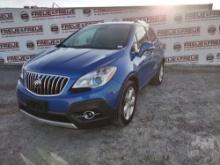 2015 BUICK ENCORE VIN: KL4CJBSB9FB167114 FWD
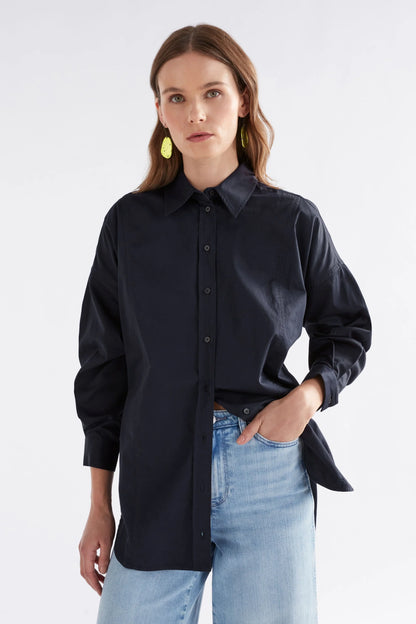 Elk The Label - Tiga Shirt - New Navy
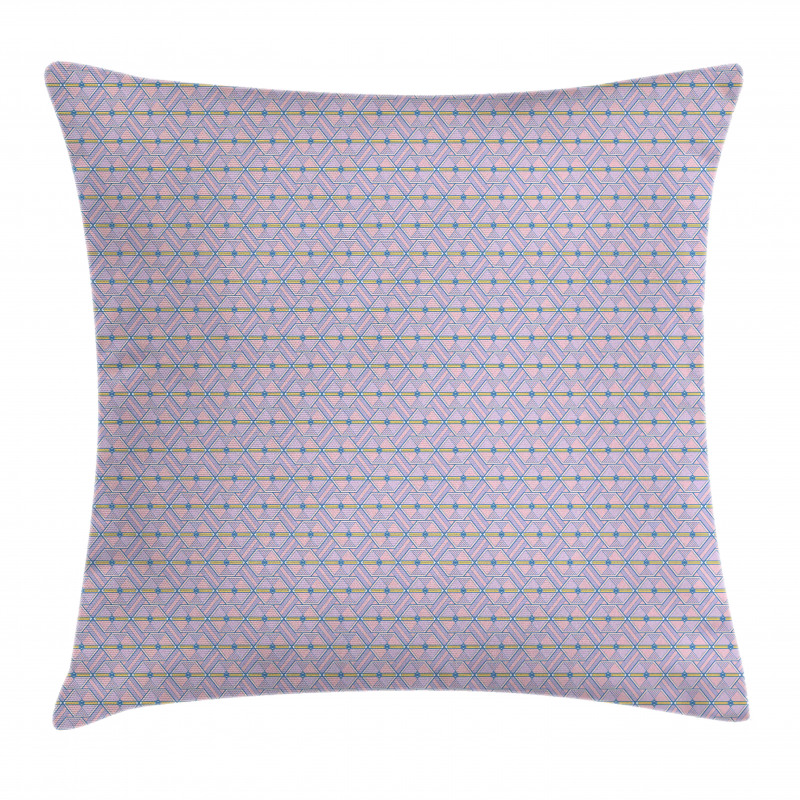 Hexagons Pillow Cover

* * *

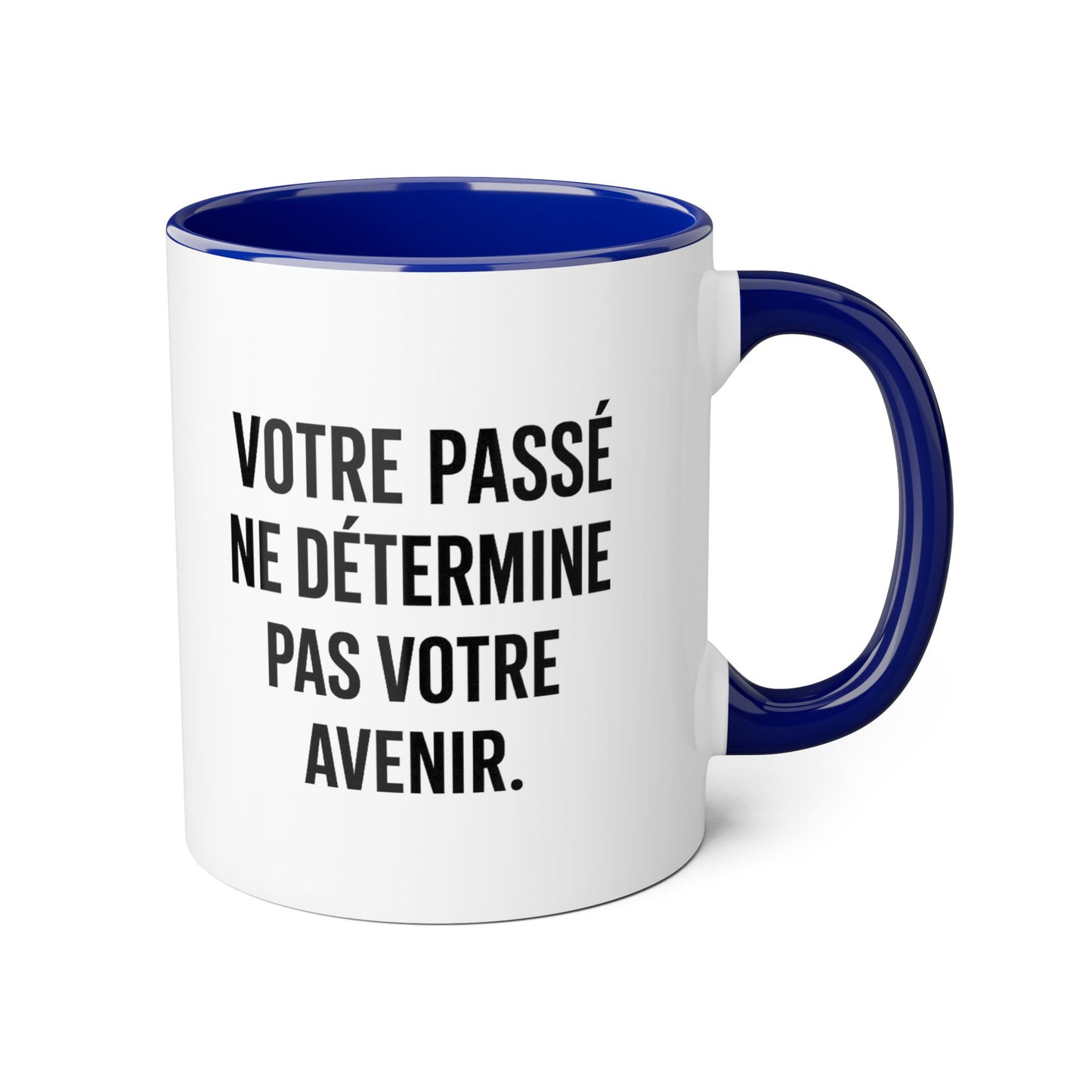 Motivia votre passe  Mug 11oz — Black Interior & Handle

* * *

*WHAT THIS TASK INVOLVES*:
From the records above, quote word for word only the lines beginning at the line that has "2015 BUICK ENCORE VIN: KL4CJBSB9FB167114 FWD" and stopping after the line that has "Hexagons Pillow Cover". Omit the pictures.

*THE COMPLETED TASK*:
 2015 BUICK ENCORE VIN: KL4CJBSB9FB167114 FWD
 Elk The Label - Tiga Shirt - New Navy
 Hexagons Pillow Cover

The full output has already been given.